■ **Task**
Every record must be repeated exactly; omit any pictures they contain.

■ **Exercise data**
= = = =

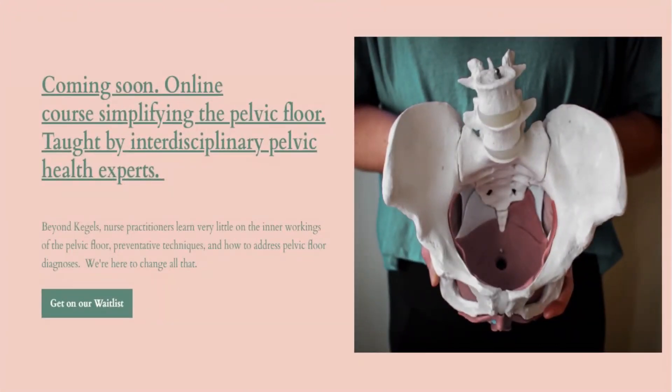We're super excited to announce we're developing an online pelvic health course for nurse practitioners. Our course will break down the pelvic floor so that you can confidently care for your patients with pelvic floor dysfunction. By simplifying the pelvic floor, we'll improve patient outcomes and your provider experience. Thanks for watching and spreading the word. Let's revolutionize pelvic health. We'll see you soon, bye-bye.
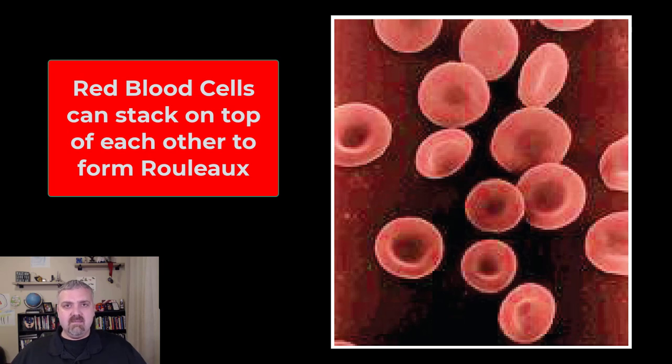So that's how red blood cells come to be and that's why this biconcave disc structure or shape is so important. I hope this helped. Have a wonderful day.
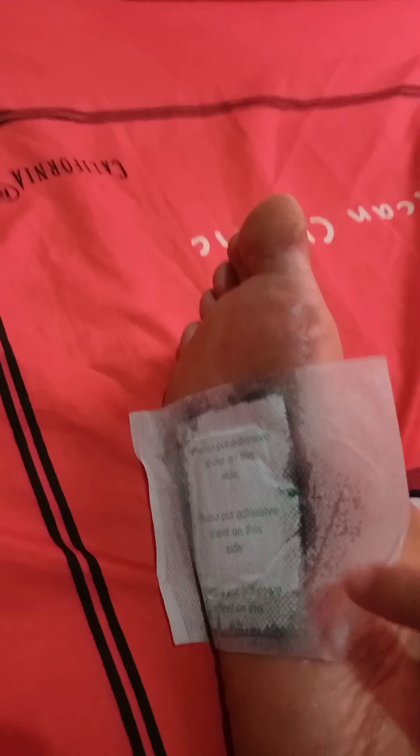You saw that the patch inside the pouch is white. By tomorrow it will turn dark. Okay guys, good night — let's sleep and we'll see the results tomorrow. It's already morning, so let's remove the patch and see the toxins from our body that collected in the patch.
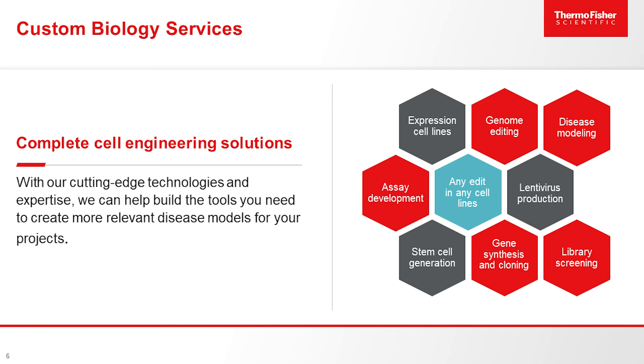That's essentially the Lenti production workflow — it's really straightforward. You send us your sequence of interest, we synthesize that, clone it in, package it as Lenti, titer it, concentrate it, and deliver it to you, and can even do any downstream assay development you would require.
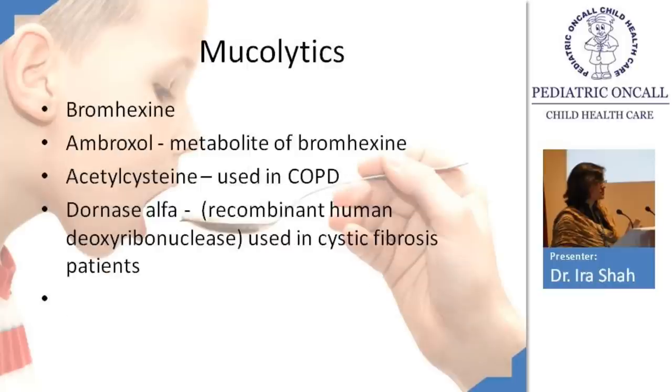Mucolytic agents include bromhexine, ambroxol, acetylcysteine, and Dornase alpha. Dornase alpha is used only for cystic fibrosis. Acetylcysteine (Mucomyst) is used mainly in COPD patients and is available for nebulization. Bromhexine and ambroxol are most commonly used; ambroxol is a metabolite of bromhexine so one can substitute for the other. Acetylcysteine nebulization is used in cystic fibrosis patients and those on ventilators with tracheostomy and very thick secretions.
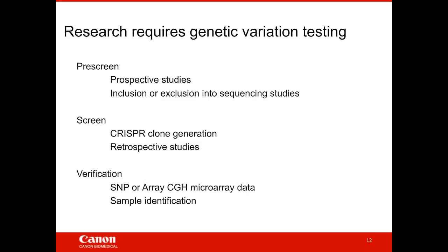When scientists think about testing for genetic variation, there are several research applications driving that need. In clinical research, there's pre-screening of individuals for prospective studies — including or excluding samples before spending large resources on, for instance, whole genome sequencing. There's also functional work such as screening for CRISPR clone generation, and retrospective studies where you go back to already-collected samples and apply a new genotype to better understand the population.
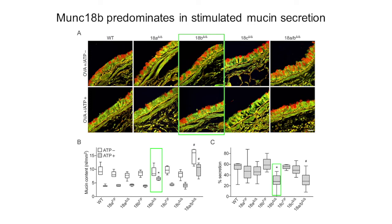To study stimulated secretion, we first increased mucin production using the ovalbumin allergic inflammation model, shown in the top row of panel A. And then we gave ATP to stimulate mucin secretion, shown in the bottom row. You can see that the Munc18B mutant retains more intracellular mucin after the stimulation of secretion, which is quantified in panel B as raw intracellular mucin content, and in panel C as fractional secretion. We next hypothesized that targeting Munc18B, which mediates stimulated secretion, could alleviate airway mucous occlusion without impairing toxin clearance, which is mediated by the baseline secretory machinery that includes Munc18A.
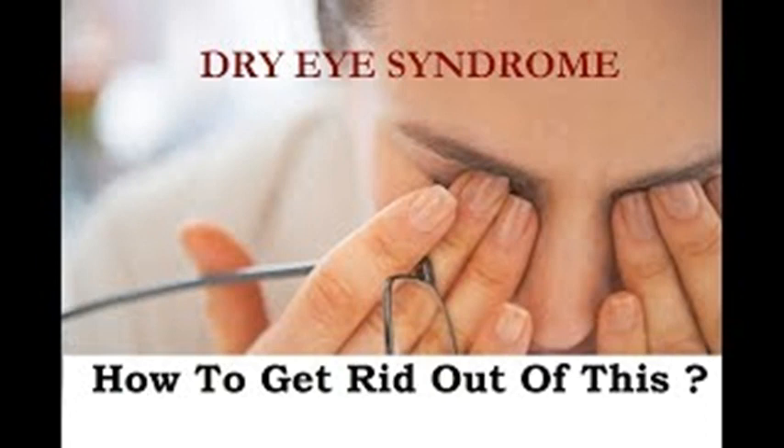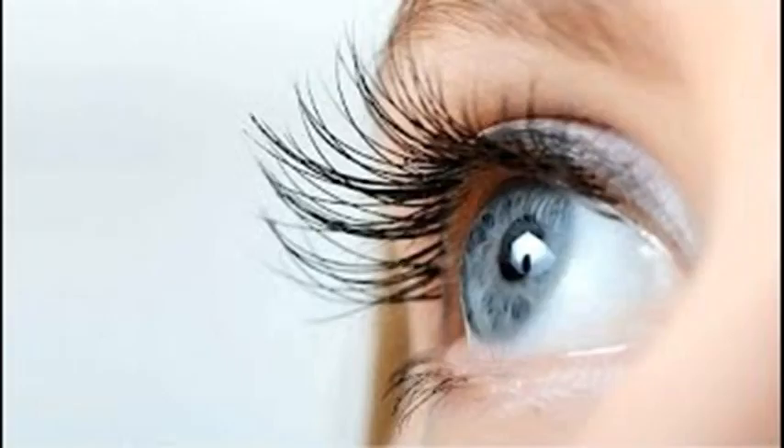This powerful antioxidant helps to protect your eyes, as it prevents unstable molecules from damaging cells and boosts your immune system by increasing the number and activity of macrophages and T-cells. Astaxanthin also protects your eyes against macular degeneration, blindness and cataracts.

= = = =

■ **Reply**
We're super excited to announce we're developing an online pelvic health course for nurse practitioners. Our course will break down the pelvic floor so that you can confidently care for your patients with pelvic floor dysfunction. By simplifying the pelvic floor, we'll improve patient outcomes and your provider experience. Thanks for watching and spreading the word. Let's revolutionize pelvic health. We'll see you soon, bye-bye.
So that's how red blood cells come to be and that's why this biconcave disc structure or shape is so important. I hope this helped. Have a wonderful day.
You saw that the patch inside the pouch is white. By tomorrow it will turn dark. Okay guys, good night — let's sleep and we'll see the results tomorrow. It's already morning, so let's remove the patch and see the toxins from our body that collected in the patch.
That's essentially the Lenti production workflow — it's really straightforward. You send us your sequence of interest, we synthesize that, clone it in, package it as Lenti, titer it, concentrate it, and deliver it to you, and can even do any downstream assay development you would require.
Mucolytic agents include bromhexine, ambroxol, acetylcysteine, and Dornase alpha. Dornase alpha is used only for cystic fibrosis. Acetylcysteine (Mucomyst) is used mainly in COPD patients and is available for nebulization. Bromhexine and ambroxol are most commonly used; ambroxol is a metabolite of bromhexine so one can substitute for the other. Acetylcysteine nebulization is used in cystic fibrosis patients and those on ventilators with tracheostomy and very thick secretions.
When scientists think about testing for genetic variation, there are several research applications driving that need. In clinical research, there's pre-screening of individuals for prospective studies — including or excluding samples before spending large resources on, for instance, whole genome sequencing. There's also functional work such as screening for CRISPR clone generation, and retrospective studies where you go back to already-collected samples and apply a new genotype to better understand the population.
To study stimulated secretion, we first increased mucin production using the ovalbumin allergic inflammation model, shown in the top row of panel A. And then we gave ATP to stimulate mucin secretion, shown in the bottom row. You can see that the Munc18B mutant retains more intracellular mucin after the stimulation of secretion, which is quantified in panel B as raw intracellular mucin content, and in panel C as fractional secretion. We next hypothesized that targeting Munc18B, which mediates stimulated secretion, could alleviate airway mucous occlusion without impairing toxin clearance, which is mediated by the baseline secretory machinery that includes Munc18A.
This powerful antioxidant helps to protect your eyes, as it prevents unstable molecules from damaging cells and boosts your immune system by increasing the number and activity of macrophages and T-cells. Astaxanthin also protects your eyes against macular degeneration, blindness and cataracts.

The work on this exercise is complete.